• DATA TO USE:
○ ○ ○ ○ ○
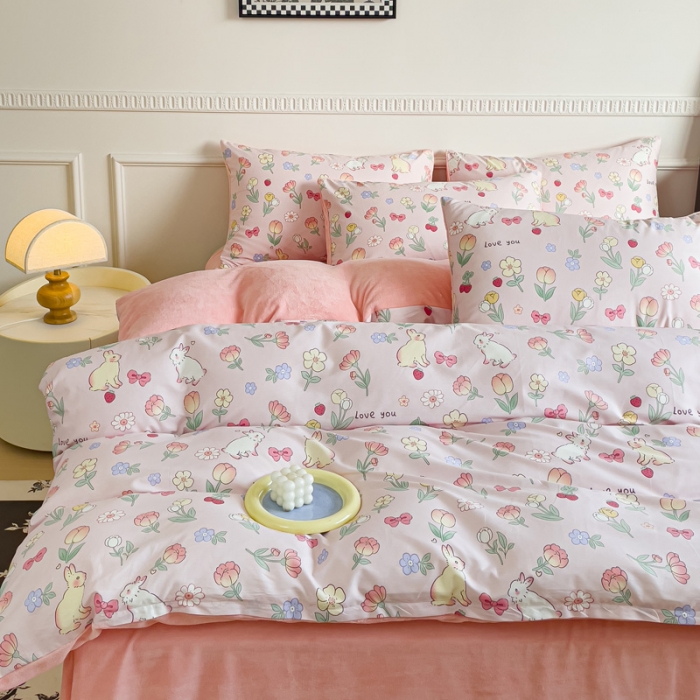 91家纺网 家纺一手货源 找家纺 金鑫汇 新款A版面料+B版高克重牛奶绒四件套棉加绒-荷枝桃桃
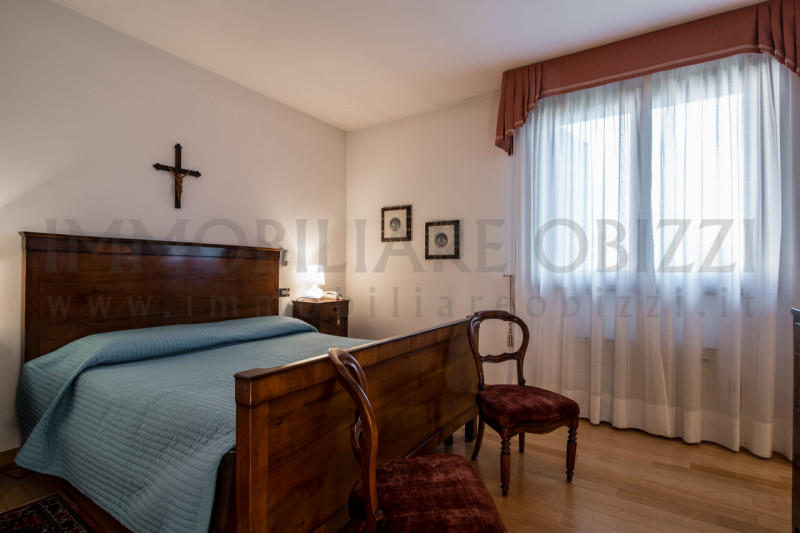 ALBIGNASEGO zona Ferri. Vendesi magnifica casa singola situata nella tranquilla e ricercata zona ...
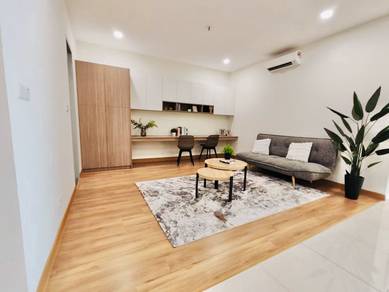 Tasik Residency Puchong Extra Big Condo Lake View Resort Style Sale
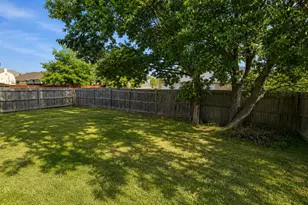 3601 Lasso Rd, Fort Worth, TX 76262 - Photo 21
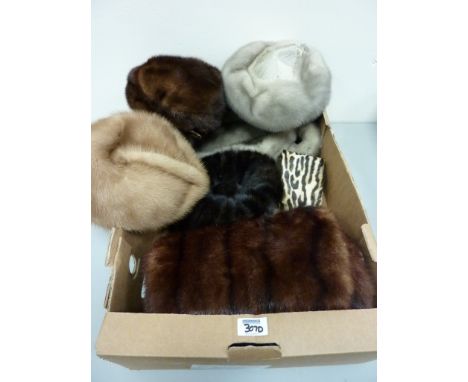Vintage Clothing -  fur stole bearing label 'Maxwell Cowan & Co. Tailors and Furriers Scarborough and Bridlington', fur hats 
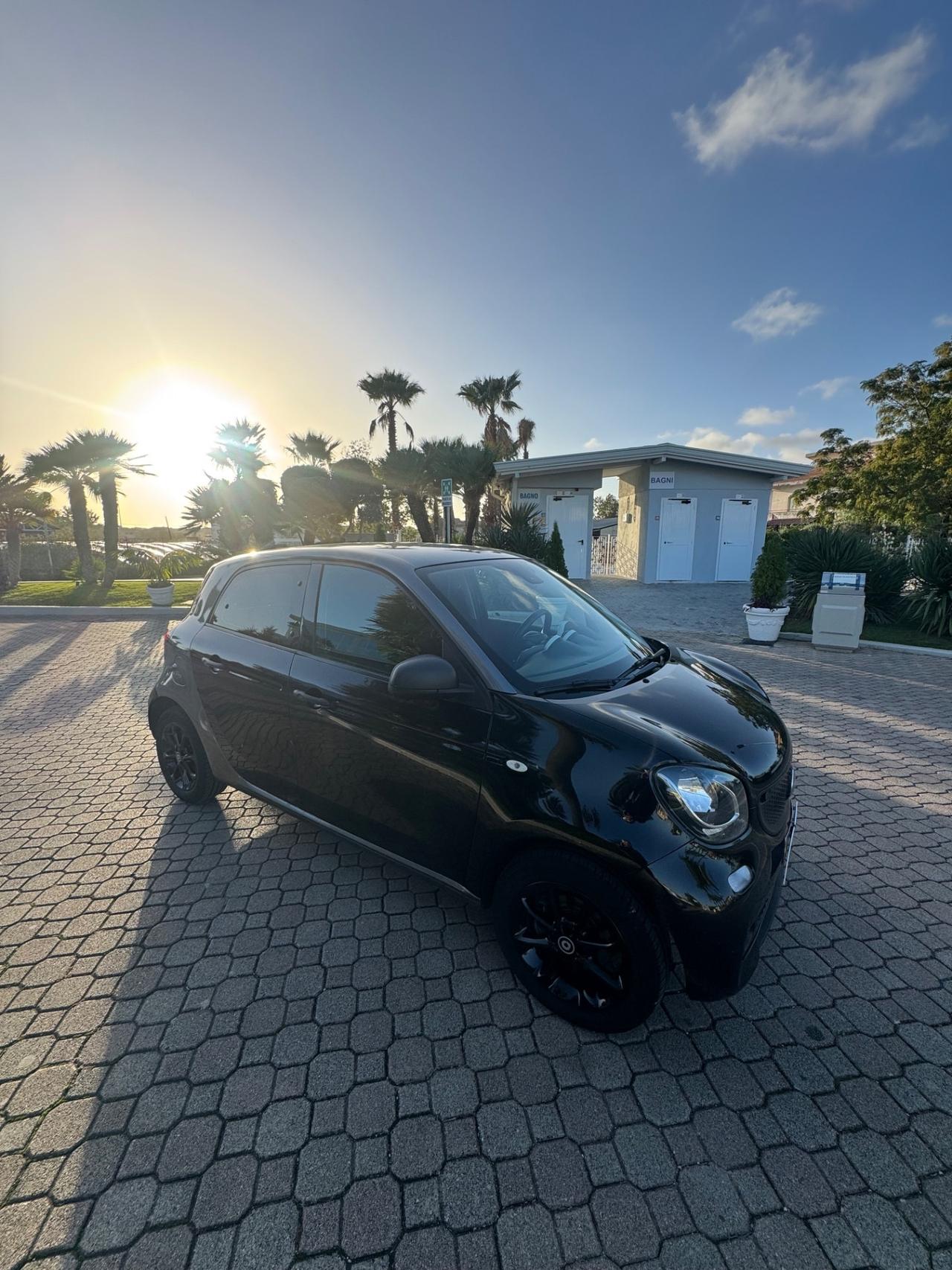 Smart ForFour 70 1.0 Youngster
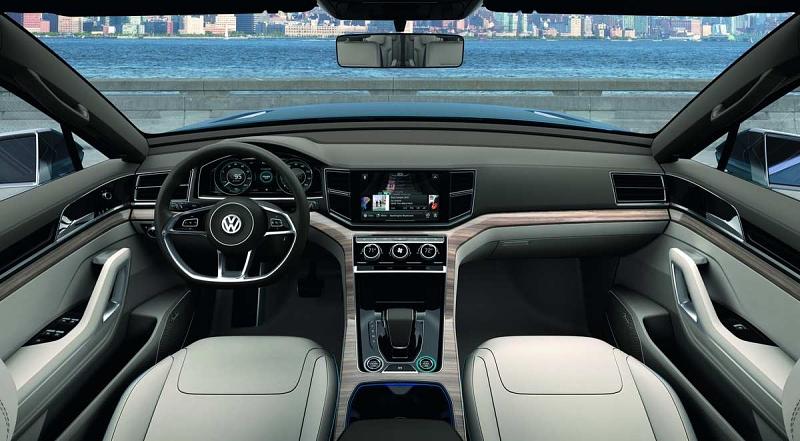 Angetrieben wird er von einer Diesel-Plug-In-Hybrid-Einheit.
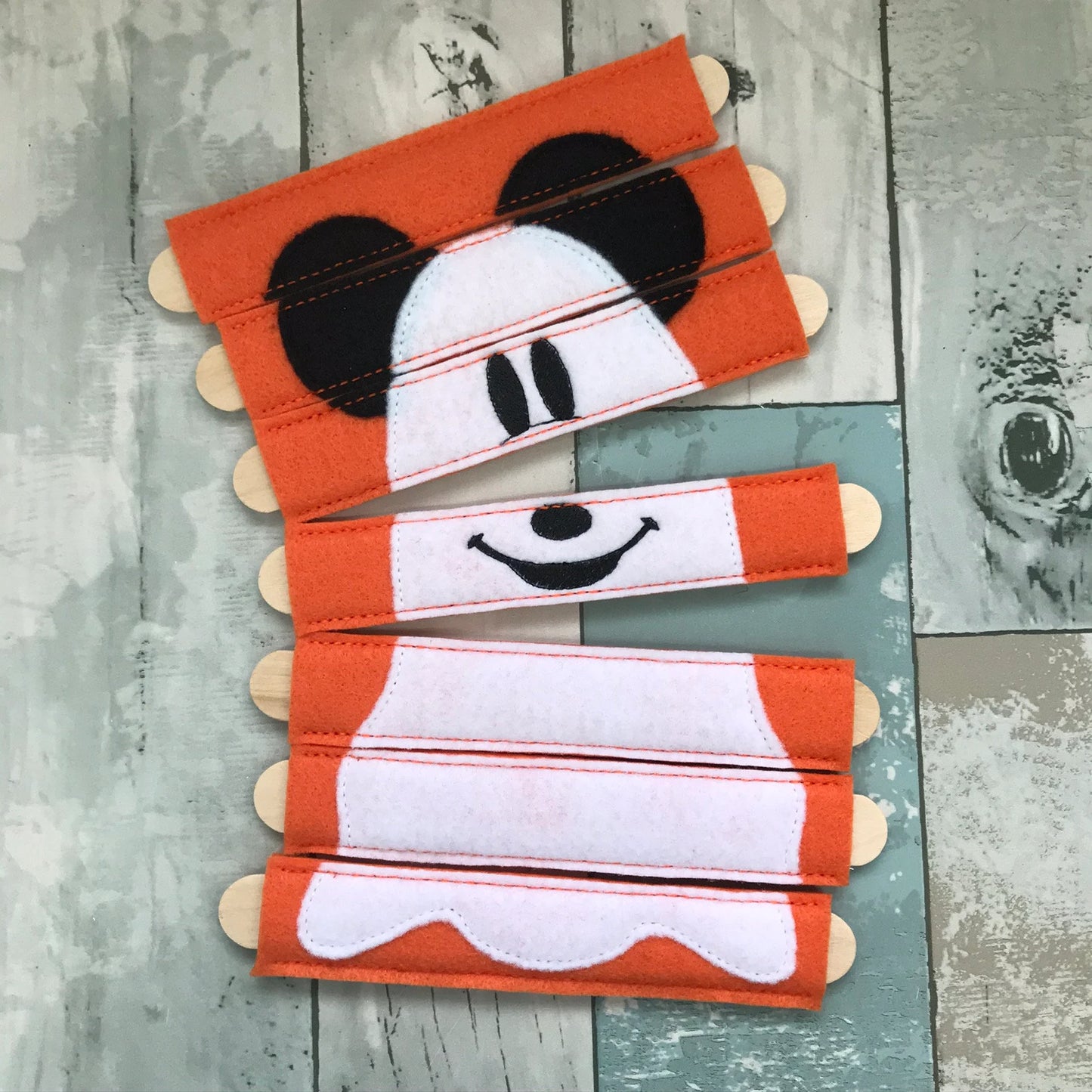 Ghost Felt Stick Puzzle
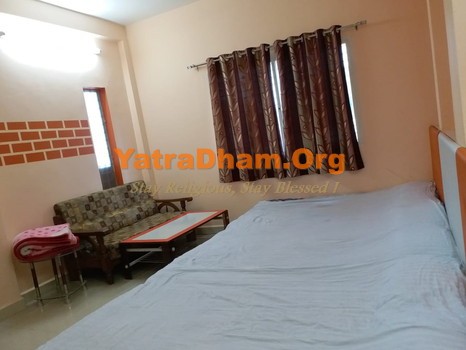 Ujjain - YD Stay 7101 Agrawal Yatri Gruh Room View11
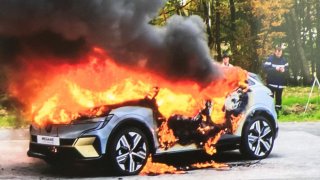 Renault Mégane E-Tech požár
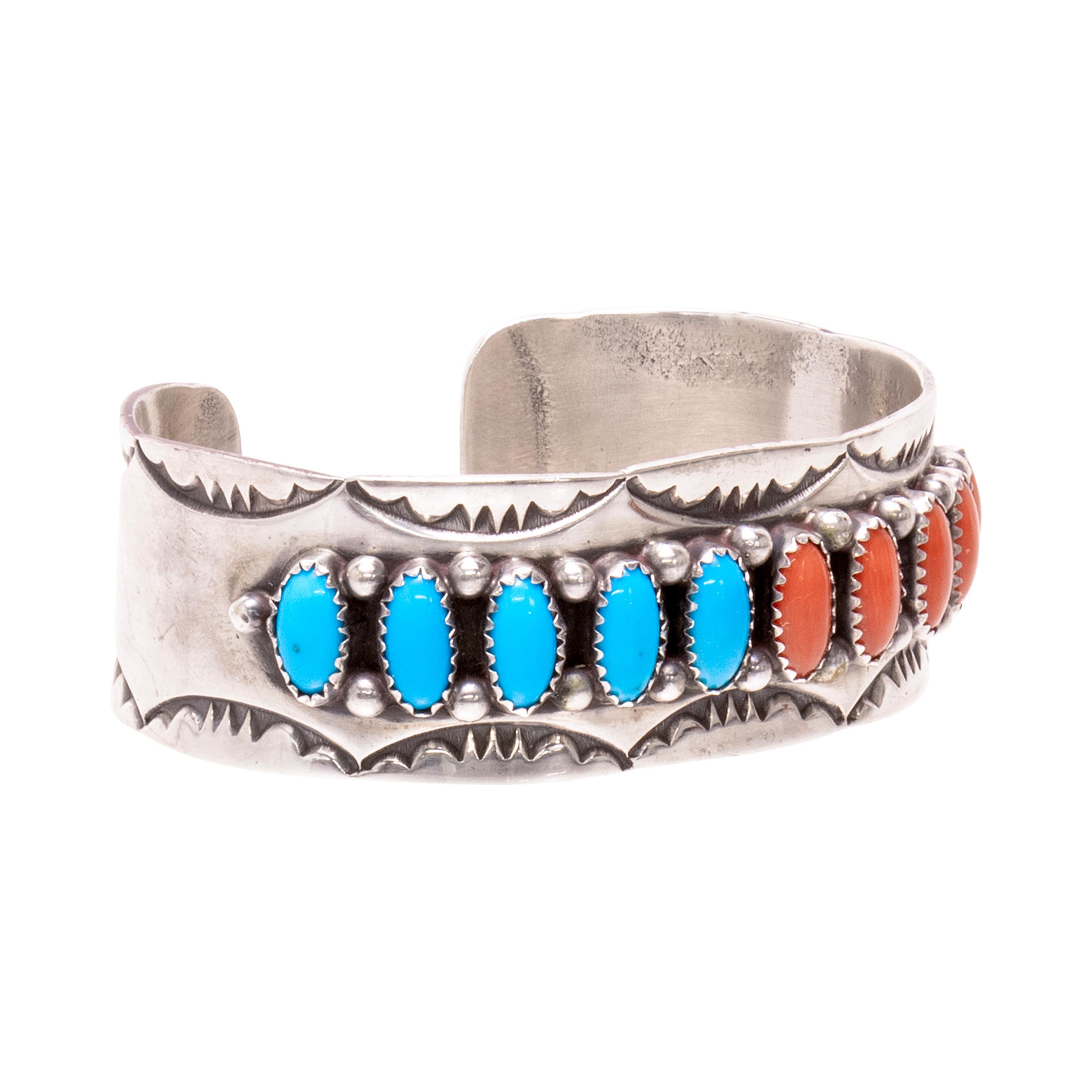Bracciale Navajo in turchese e corallo In condizioni buone in vendita a Coeur d Alene, ID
○ ○ ○ ○ ○
• EXERCISE INSTRUCTIONS: Give the records again exactly, without pictures.

• RESULT:
 91家纺网 家纺一手货源 找家纺 金鑫汇 新款A版面料+B版高克重牛奶绒四件套棉加绒-荷枝桃桃
 ALBIGNASEGO zona Ferri. Vendesi magnifica casa singola situata nella tranquilla e ricercata zona ...
 Tasik Residency Puchong Extra Big Condo Lake View Resort Style Sale
 3601 Lasso Rd, Fort Worth, TX 76262 - Photo 21
Vintage Clothing -  fur stole bearing label 'Maxwell Cowan & Co. Tailors and Furriers Scarborough and Bridlington', fur hats 
 Smart ForFour 70 1.0 Youngster
 Angetrieben wird er von einer Diesel-Plug-In-Hybrid-Einheit.
 Ghost Felt Stick Puzzle
 Ujjain - YD Stay 7101 Agrawal Yatri Gruh Room View11
 Renault Mégane E-Tech požár
Bracciale Navajo in turchese e corallo In condizioni buone in vendita a Coeur d Alene, ID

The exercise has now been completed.